- _Source material_
******
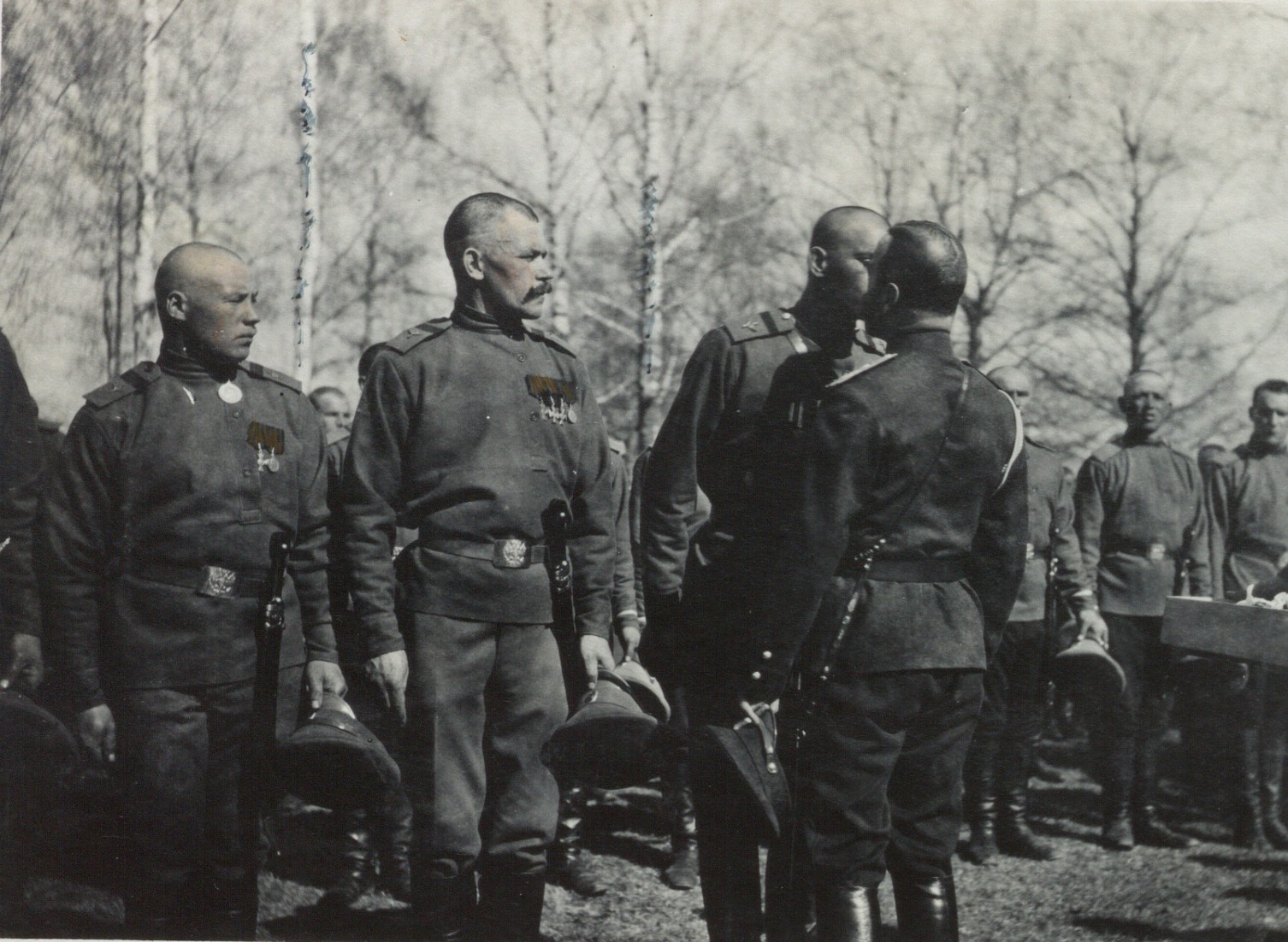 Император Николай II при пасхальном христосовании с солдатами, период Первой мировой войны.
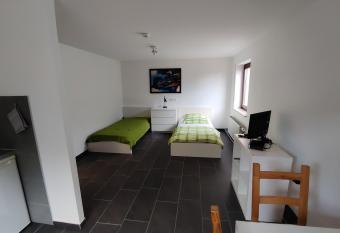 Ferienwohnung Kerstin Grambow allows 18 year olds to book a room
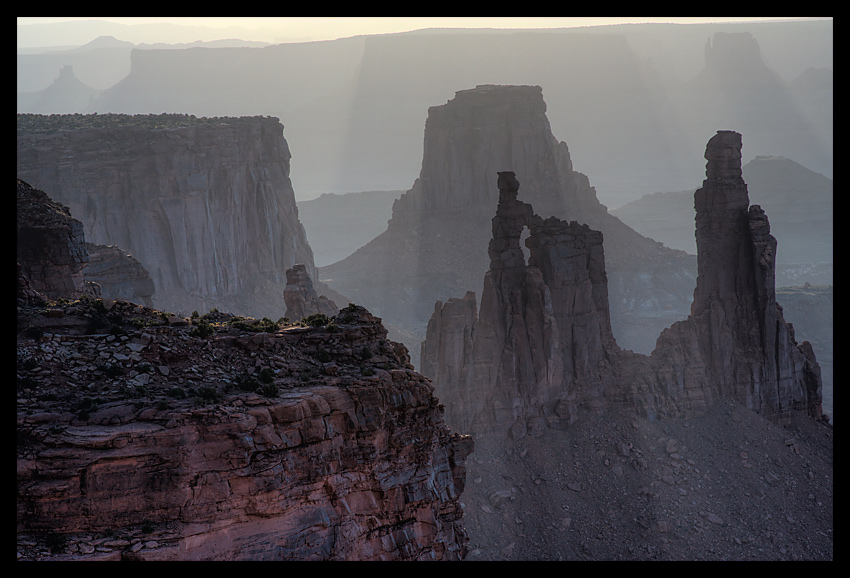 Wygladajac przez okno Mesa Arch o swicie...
******
- _Work instruction_
Would you write out the material above in full, exactly as given, except for its pictures?

- _Answer box_
 Император Николай II при пасхальном христосовании с солдатами, период Первой мировой войны.
 Ferienwohnung Kerstin Grambow allows 18 year olds to book a room
 Wygladajac przez okno Mesa Arch o swicie...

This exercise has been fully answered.